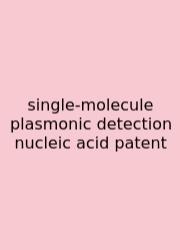 Single-molecule Plasmonic Detection Nucleic Acid Patent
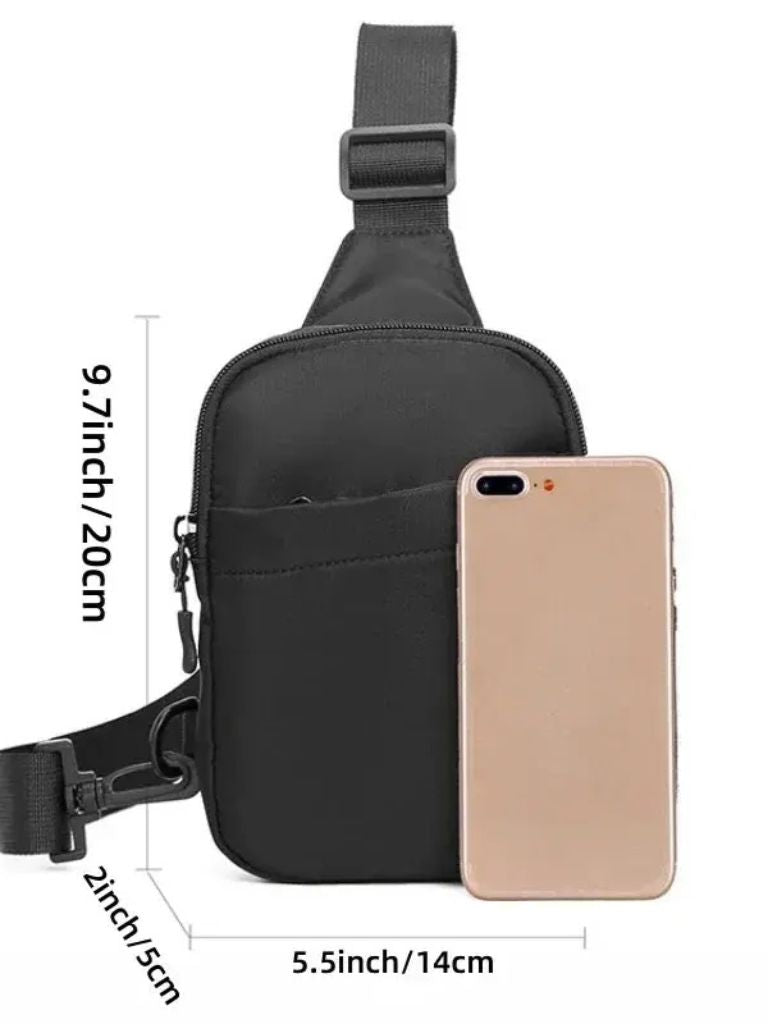Rasmus™ - Petit Brysttaske Essentiel
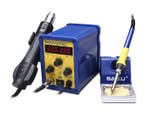 700W Hete Lucht SMD Rework Soldeer Station - Baku 878 L2, Ophalen of Verzenden, Nieuw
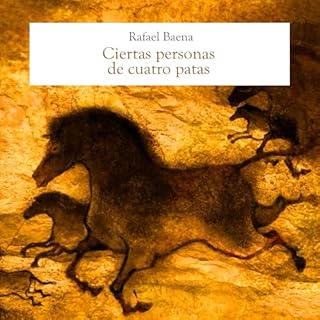 Diseño de la portada del título Ciertas personas de cuatro patas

=-=-=-=-=

Activity: In copying the listing, reproduce each line exactly and omit the pictures.

Result of this task:
 Single-molecule Plasmonic Detection Nucleic Acid Patent
Rasmus™ - Petit Brysttaske Essentiel
 700W Hete Lucht SMD Rework Soldeer Station - Baku 878 L2, Ophalen of Verzenden, Nieuw
 Diseño de la portada del título Ciertas personas de cuatro patas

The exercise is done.